• [WHAT YOU NEED TO DO]
Transcribe all the lines below exactly. Omit the pictures.

• [PROVIDED DATA]
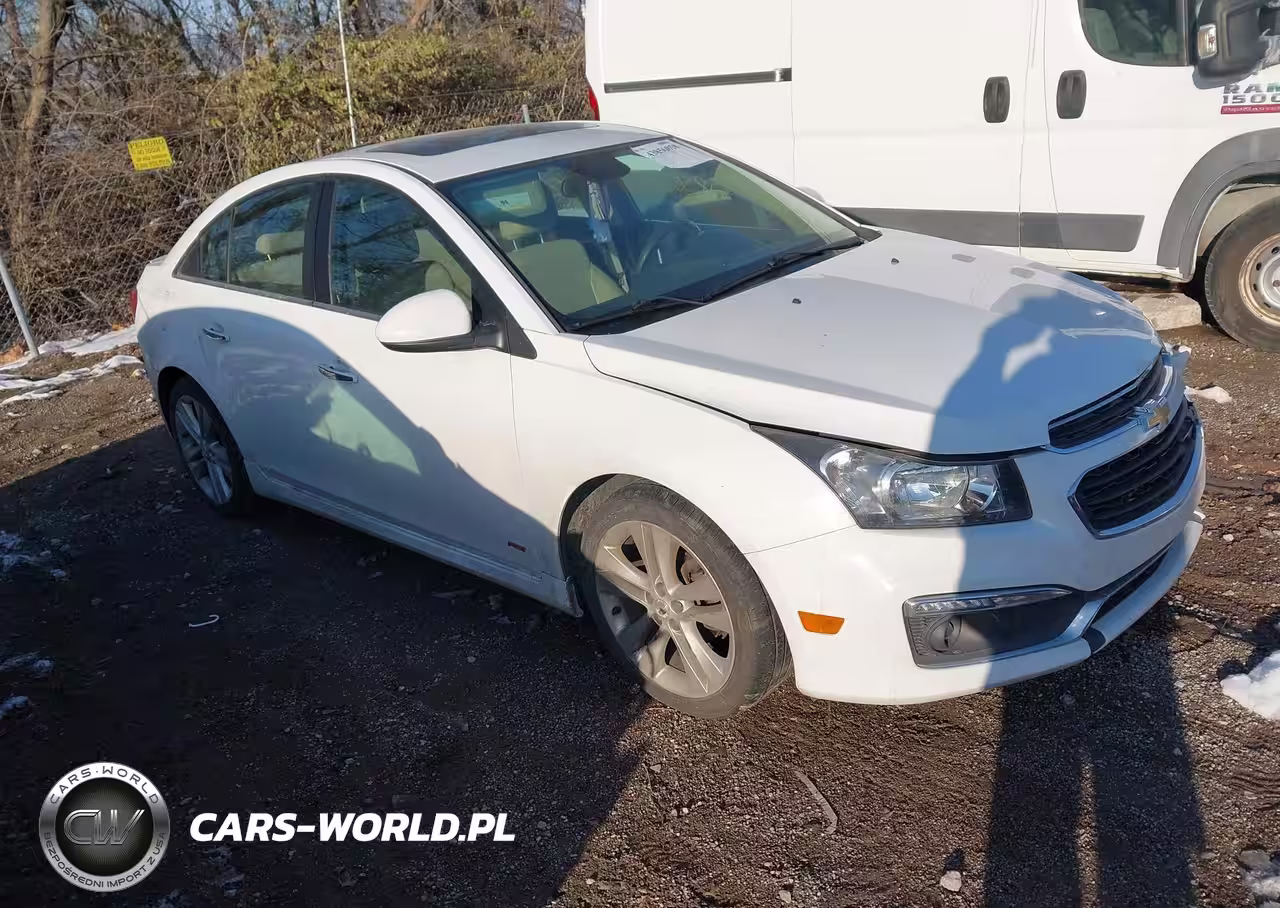 2015 Chevrolet Cruze Ltz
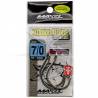 Maxel Moon Edge Ring SJ-30 Hook - 7/0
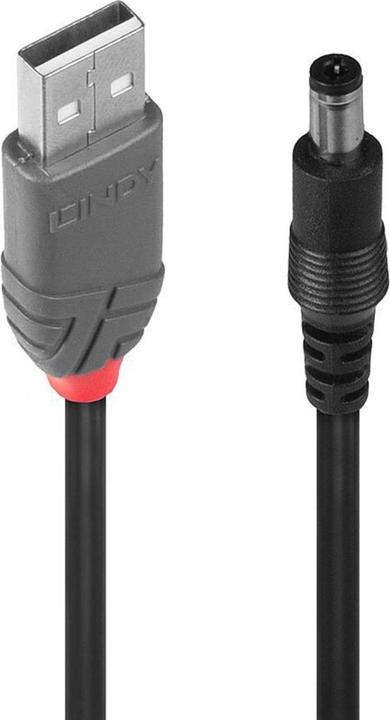 Actual product image Lindy USB to DC adapter cable 1.5 m (1.50 m)
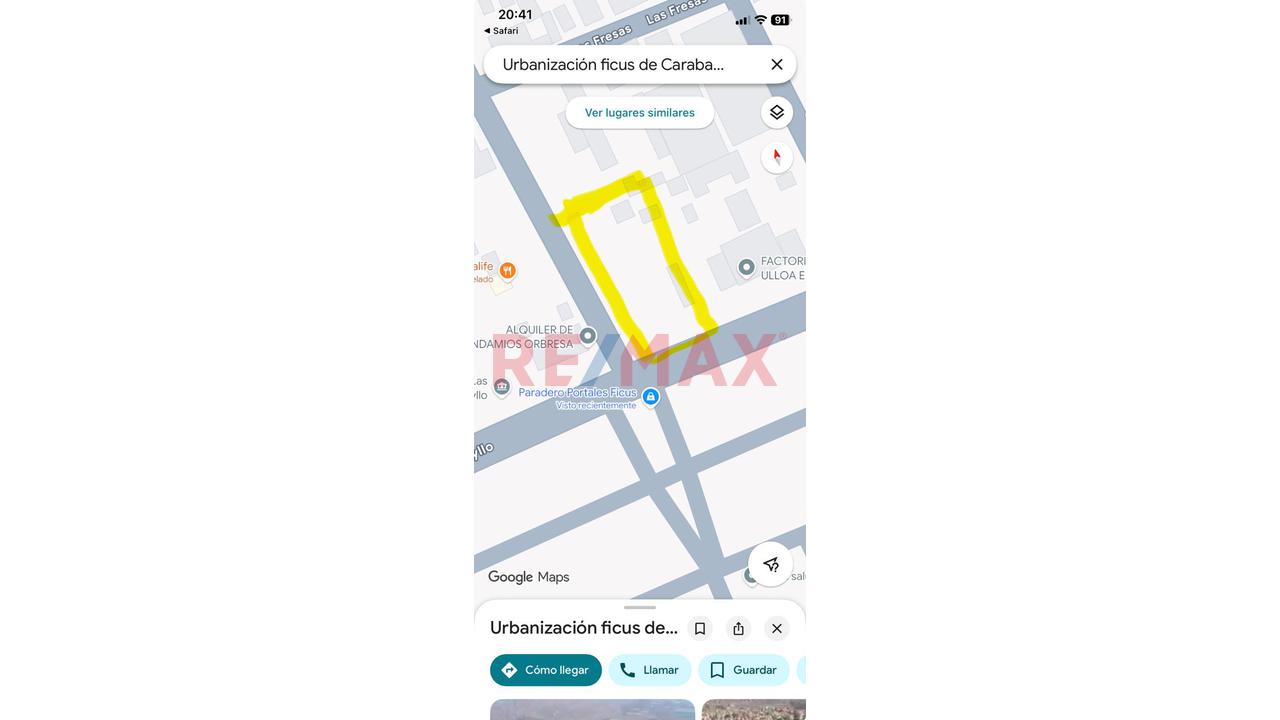 Venta Terreno De 1,018.50 Mt2 En Carabayllo, Frente A La Urb. Los Ficus. - 3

• [WRITTEN RESPONSE]
 2015 Chevrolet Cruze Ltz
 Maxel Moon Edge Ring SJ-30 Hook - 7/0
 Actual product image Lindy USB to DC adapter cable 1.5 m (1.50 m)
 Venta Terreno De 1,018.50 Mt2 En Carabayllo, Frente A La Urb. Los Ficus. - 3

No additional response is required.